Bases: openclean.function.matching.base.StringSimilarity

Implementation of the string similarity class that performs exact matches for string arguments. Allows to transform values before comparing them using a simple callable function that expects a single argument.

The returned score is one for identical string and 0 for non-identical strings. The ignore_case flag allows to compare two strings ignoring their case.

match(vocabulary: Iterable[str], query: str) List[openclean.data.mapping.StringMatch]

Cross reference query with the vocabulary strings for equality. Returns an exact match if the given arguments are the same and a NoMatch otherwise.

Parameters
  • vocabulary (Iterable[str]) – List of strings to compare with.

  • query (string) – Second argument for similarity score computation - the query term.

Return type

list of openclean.data.mapping.StringMatch

class openclean.function.matching.base.StringMatcher(terms: Iterable[str])

Bases: object

Abstract base class for functions that find matches for a query string in a given vocabulary (iterable of strings). Instances of this class are associated with a vocabulary. They return one or more matches from that vocabulary for a given query string.

abstract find_matches(query: str) List[openclean.data.mapping.StringMatch]

Find matches for a given query string in the associated vocabulary. Depending on the implementation the result may contain more than one matched string from the vocabulary. Each match is a pair of matched values and match score.

Matches are sorted by decreasing similarity score. If no matches are found for a given query string the result is an empty list.

Parameters

query (string) – Query string for which matches are returned.

Return type

list of (string, float) pairs

matched_values(query: str) List[str]

Get only a list of matched values for a given query string. Excludes information about the match scores.

Parameters

query (string) – Query string for which matches are returned.

Return type

list of string

class openclean.function.matching.base.StringSimilarity

Bases: object

Abstract base class for functions that compute similarity scores between a list of terms and a query string and return a list of StringMatch results. String similarity scores should be values in the interval [0-1] where 0 indicates no match and 1 indicates an exact match.

abstract match(vocabulary: Iterable[str], query: str) List[openclean.data.mapping.StringMatch]

Compute a similarity score for a string against items from a vocabulary iterable. A score of 1 indicates an exact match. A score of 0 indicates a no match.

Parameters
  • vocabulary (Iterable[str]) – List of strings to compare with.

  • query (string) – Second argument for similarity score computation - the query term.

Return type

list of openclean.data.mapping.StringMatch

score(vocabulary: Iterable[str], query: str) List[openclean.data.mapping.StringMatch]

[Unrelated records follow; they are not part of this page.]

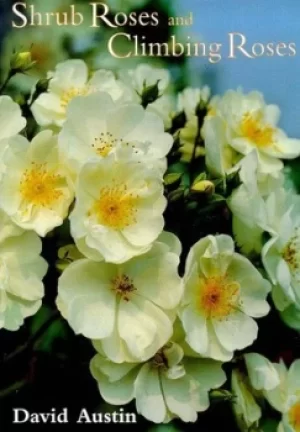 Image of Shrub roses and climbing roses by David Austin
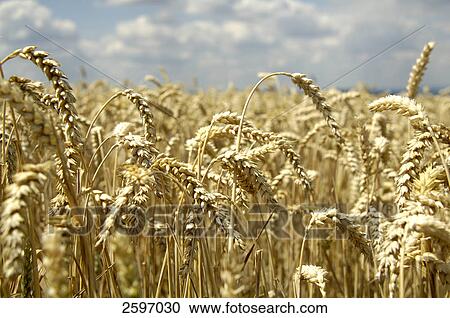 Wheat crop in field View Large Photo Image Stock Image - Wheat crop in field . Fotosearch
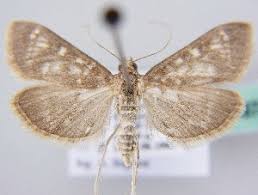 Attēlu rezultāti vaicājumam “Mecyna flavalis”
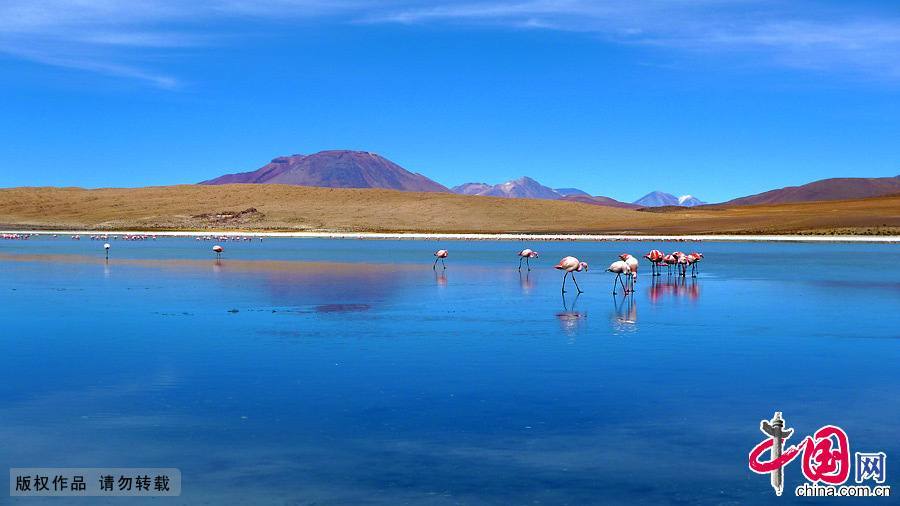 Самое большое в мире соляное озеро – Салар Де Уюни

Synonym for the match function. Compute a similarity score for a string against items from a vocabulary iterable. A score of 1 indicates an exact match. A score of 0 indicates a no match.

Parameters
  • vocabulary (Iterable[str]) – List of strings to compare with.

  • query (string) – Second argument for similarity score computation - the query term.

Return type

list of openclean.data.mapping.StringMatch

openclean.function.matching.base.best_matches(values: Iterable[str], matcher: openclean.function.matching.base.StringMatcher, include_vocab: Optional[bool] = False) openclean.data.mapping.Mapping

Generate a mapping of best matches for a list of values. For each value in the given list the best matches with a given vocabulary are computed and added to the returned mapping.

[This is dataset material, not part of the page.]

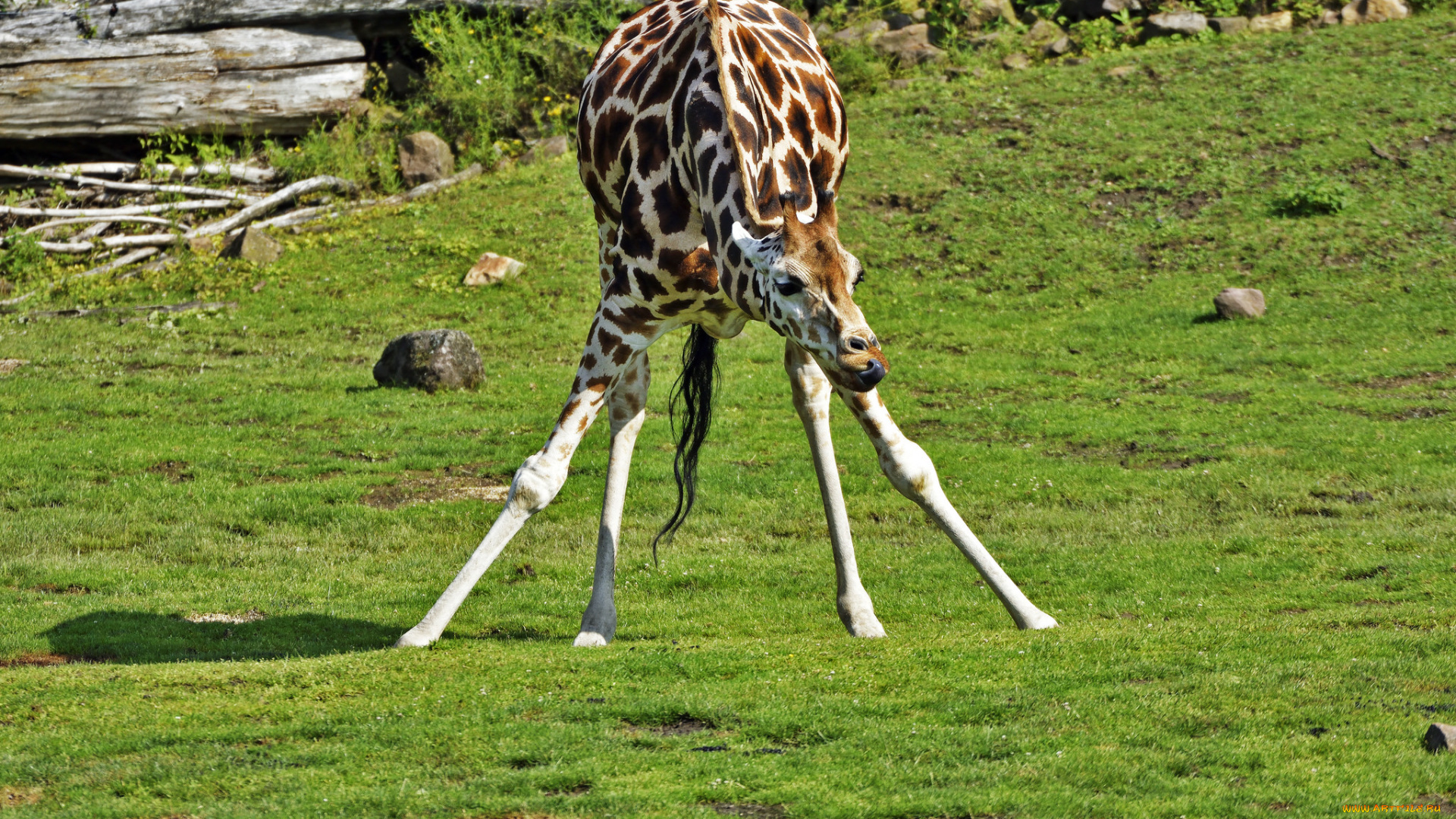 животные, жирафы, природа, животное, шея, окрас, жираф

If the include_vocab flag is False the resulting mapping will contain a mapping only for those values in the input list that do not already occur in the vocabulary, i.e., the unknown values with respect to the known vocabulary.

Parameters
  • values (iterable of strings) – List of terms (e.g., from a data frame column) for which matches are computed for the returned mapping.

  • matcher (openclean.function.matching.base.StringMatcher) – Matcher to compute matches for the terms in a controlled vocabulary.

  • include_vocab (bool, default=False) – If this flag is False the resulting mapping will only contain matches for terms that are not in the vocabulary that is associated with the given similarity.

Return type

openclean.data.mapping.Mapping